Every grading case creates a Firestore session with full observability — the same session format used by the playground. You can replay any grading interaction, inspect tool calls, and understand exactly why a test case passed or failed.

What We Learned

LLM judges need guard rails. Early versions of the Stress Lab were either too lenient (everything passed) or too strict (false positives on legitimate responses). Category-specific rubrics with calibrated examples solved this.

Billing leaks are real. We found two routes (generateImprovementNotes and llm-judge.ts) that called streamLLM() directly without tracking token usage. Every direct LLM call outside of runAgentWithTools() must be audited for billing.

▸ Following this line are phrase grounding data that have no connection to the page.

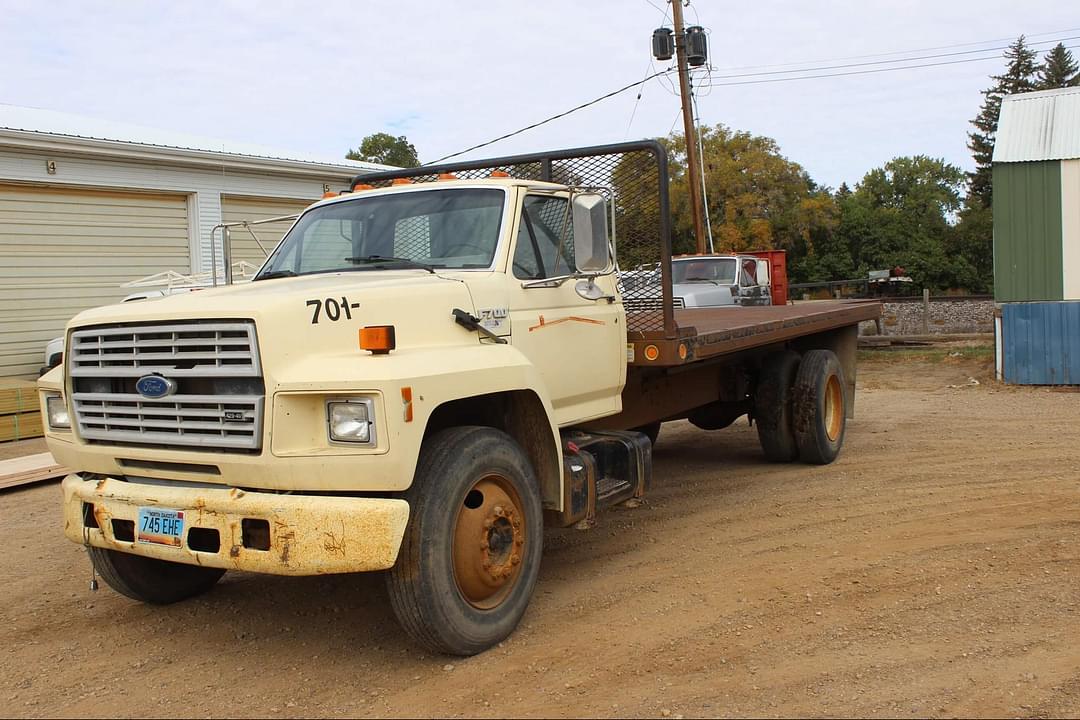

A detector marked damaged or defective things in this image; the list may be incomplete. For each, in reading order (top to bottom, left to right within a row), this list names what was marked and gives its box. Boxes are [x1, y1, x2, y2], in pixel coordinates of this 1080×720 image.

rusty wheel rim [825, 375, 842, 442]
rusty wheel rim [451, 474, 527, 613] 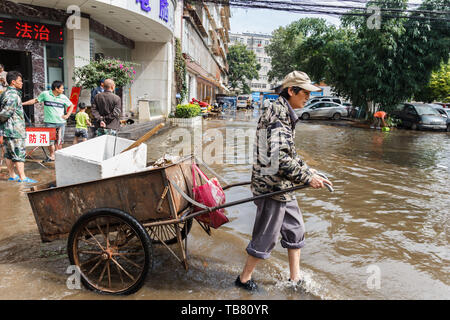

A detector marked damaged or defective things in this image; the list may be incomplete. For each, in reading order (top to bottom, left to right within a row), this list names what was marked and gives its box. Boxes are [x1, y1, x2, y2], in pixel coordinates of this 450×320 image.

rusty cart frame [27, 155, 330, 296] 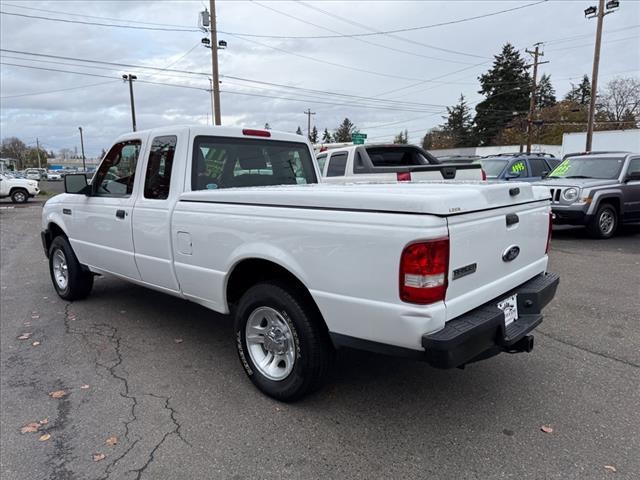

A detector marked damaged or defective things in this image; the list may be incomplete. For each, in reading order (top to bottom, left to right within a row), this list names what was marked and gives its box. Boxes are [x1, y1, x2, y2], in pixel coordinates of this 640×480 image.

cracked pavement [1, 203, 640, 480] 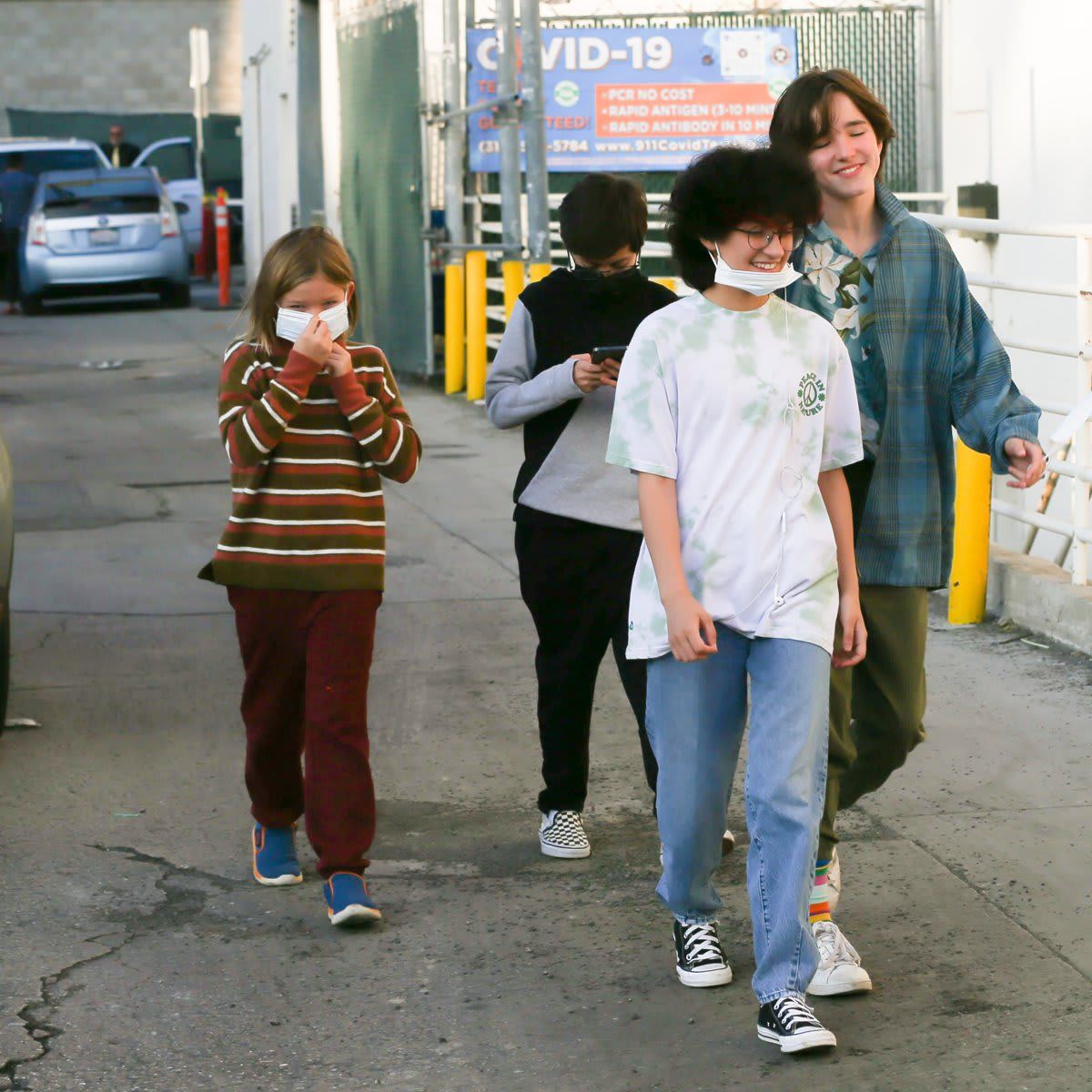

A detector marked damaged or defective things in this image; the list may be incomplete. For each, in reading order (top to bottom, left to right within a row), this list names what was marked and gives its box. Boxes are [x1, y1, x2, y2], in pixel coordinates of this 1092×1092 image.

crack in pavement [0, 843, 241, 1092] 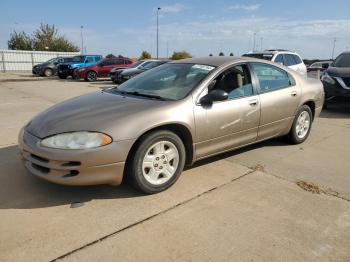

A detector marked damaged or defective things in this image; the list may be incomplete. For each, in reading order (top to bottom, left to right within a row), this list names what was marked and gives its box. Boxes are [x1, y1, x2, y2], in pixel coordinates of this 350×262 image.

crack in pavement [51, 168, 258, 262] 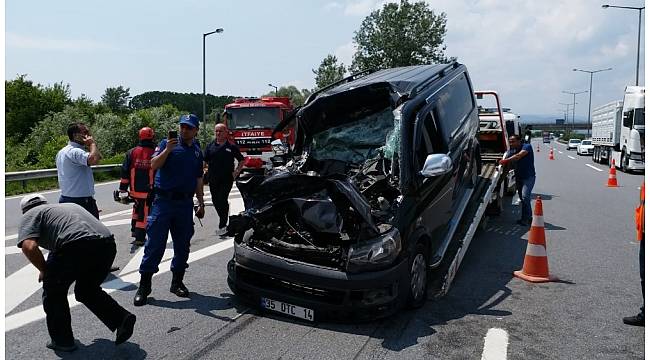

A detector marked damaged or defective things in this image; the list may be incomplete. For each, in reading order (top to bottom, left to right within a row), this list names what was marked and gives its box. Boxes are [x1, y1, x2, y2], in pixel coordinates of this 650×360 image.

shattered windshield [308, 106, 394, 164]
damaged van [225, 62, 478, 320] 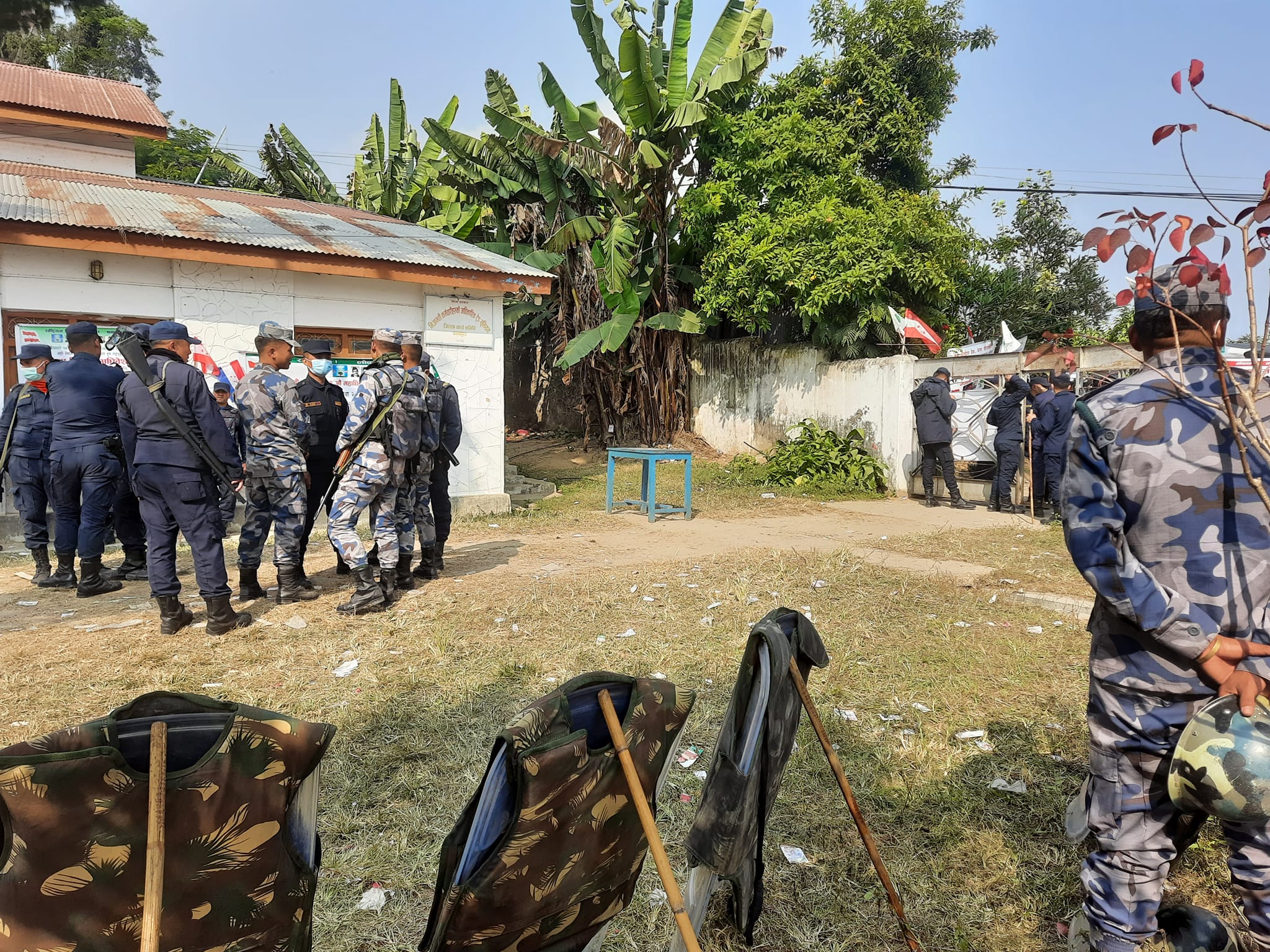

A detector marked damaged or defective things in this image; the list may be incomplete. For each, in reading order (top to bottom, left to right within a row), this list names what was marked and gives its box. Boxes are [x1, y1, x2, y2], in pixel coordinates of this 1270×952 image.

rusted tin roof [0, 60, 166, 133]
rusted tin roof [0, 161, 556, 283]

Grading is the moat. The agent builder is table stakes — everyone has one. The autonomous quality loop (grade → analyze → optimize → re-grade) is what makes agents production-ready. It's the feature that makes Kopern worth switching to.

The grading system is fully accessible via MCP tools (kopern_run_grading, kopern_get_grading_results, kopern_run_autoresearch), so you can integrate it into your CI/CD pipeline. Grade your agent on every commit. That's the goal.